Write out all of the entries that follow, word for word, but skip the pictures.

#### Materials provided:
________________________

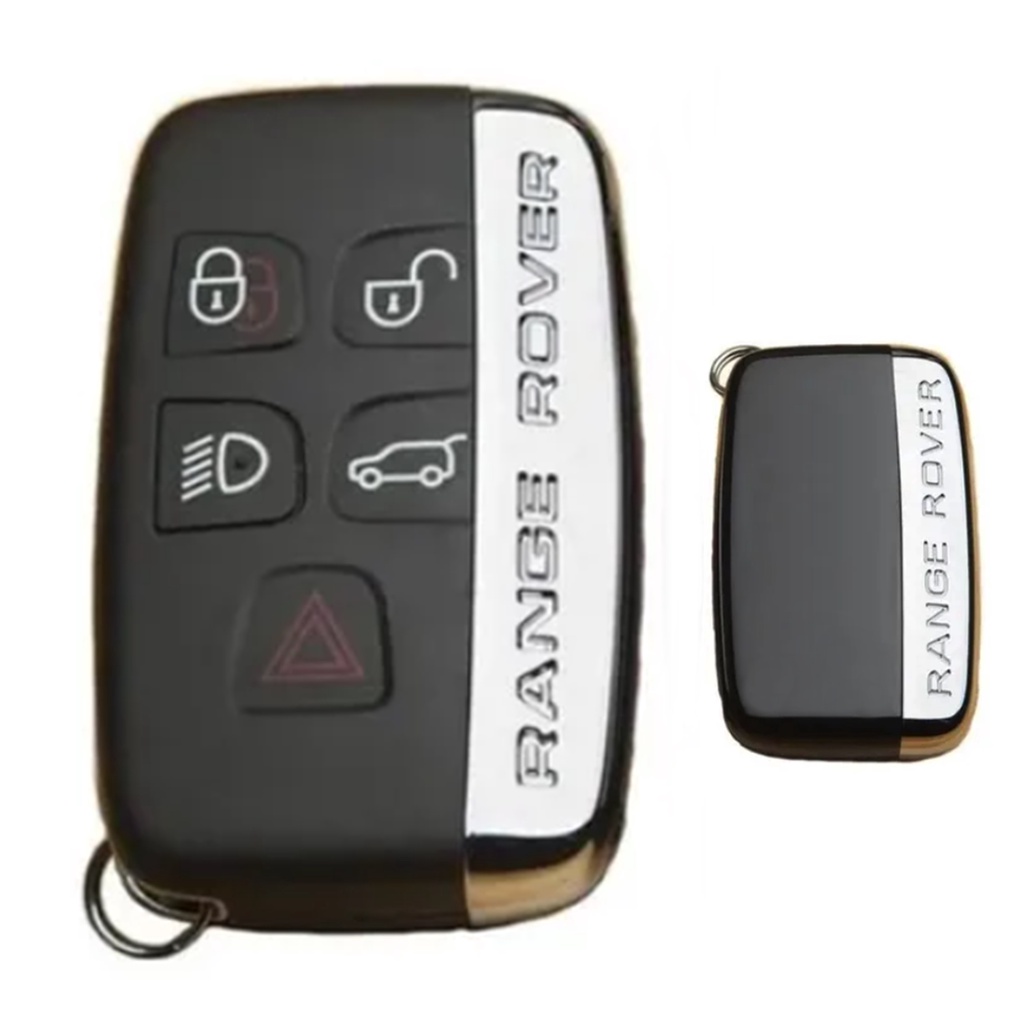 Capa Chave Chaveiro Carcaça Range Rover Land Rover Evoque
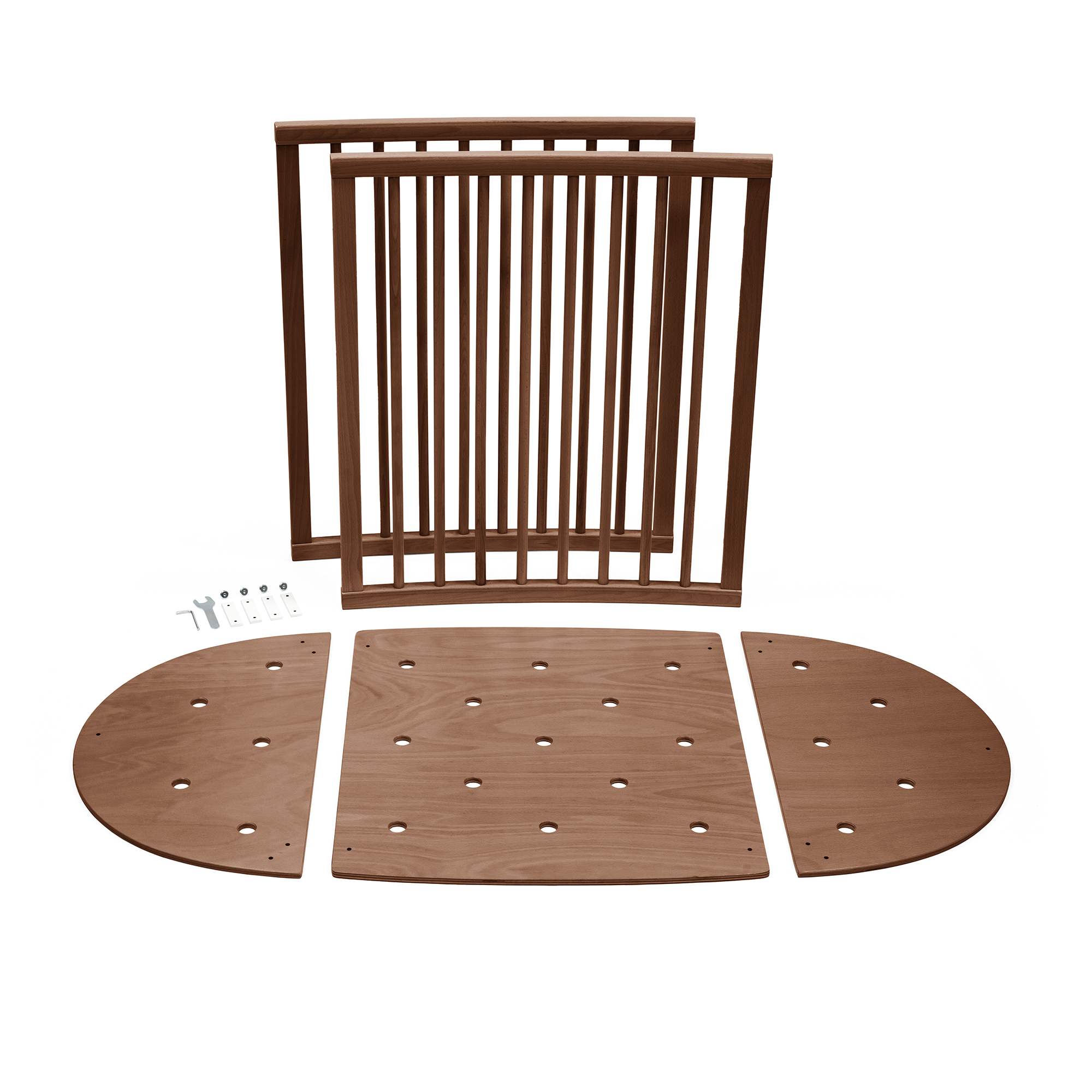 STOKKE Stokke® Sleepi™ Umbausatz Warm Brown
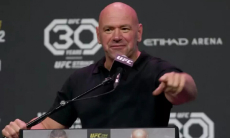 Дана Уайт сделал заявление о бое «Канело» — Топурия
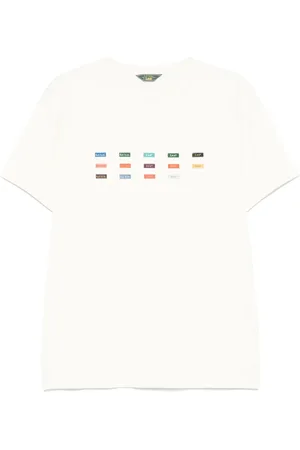 Paul Smith Camiseta de algodón de x Lee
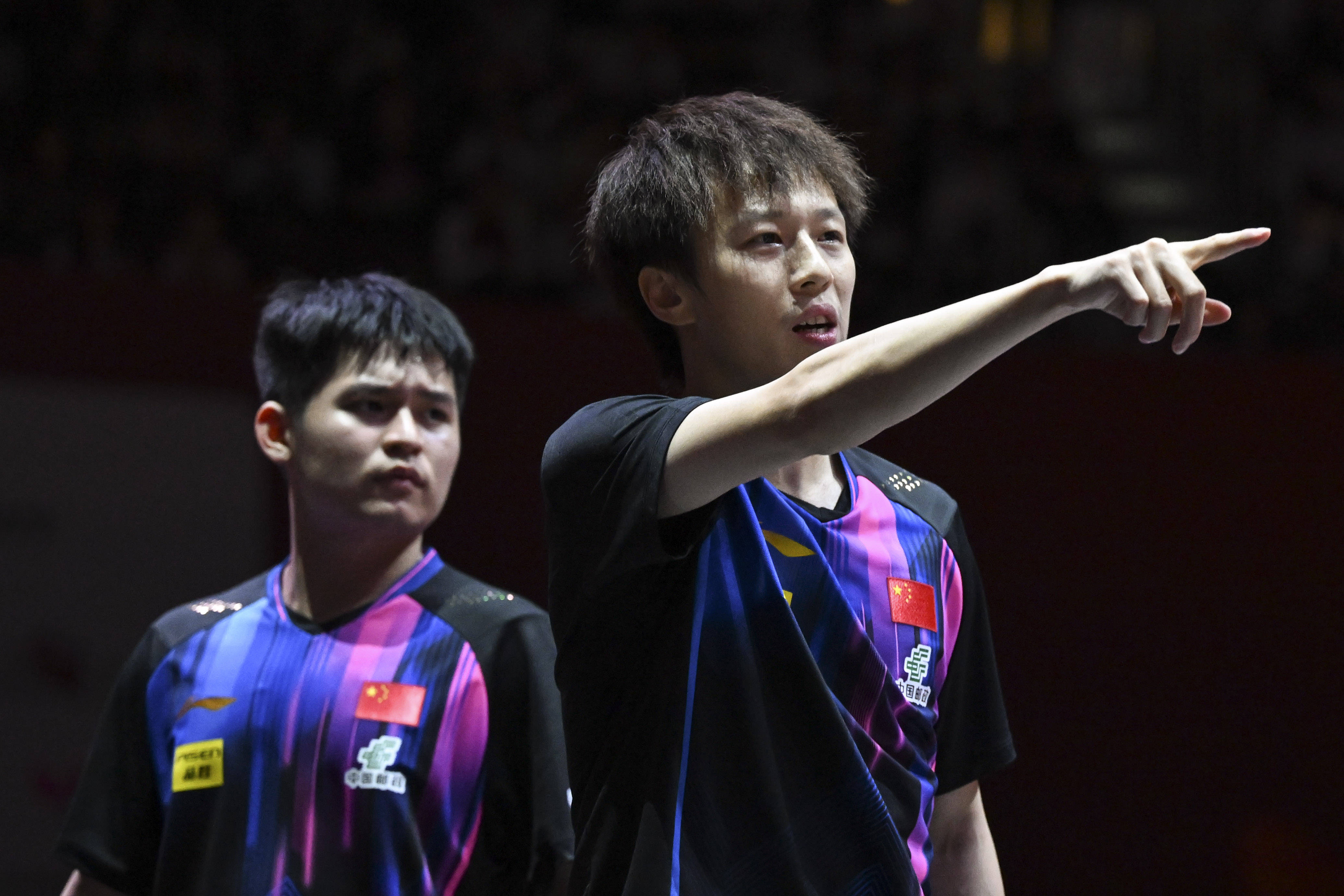 英格兰队横扫中国队，林高远刷新纪录的简单介绍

________________________

#### Response for this exercise:
 Capa Chave Chaveiro Carcaça Range Rover Land Rover Evoque
 STOKKE Stokke® Sleepi™ Umbausatz Warm Brown
 Дана Уайт сделал заявление о бое «Канело» — Топурия
 Paul Smith Camiseta de algodón de x Lee
 英格兰队横扫中国队，林高远刷新纪录的简单介绍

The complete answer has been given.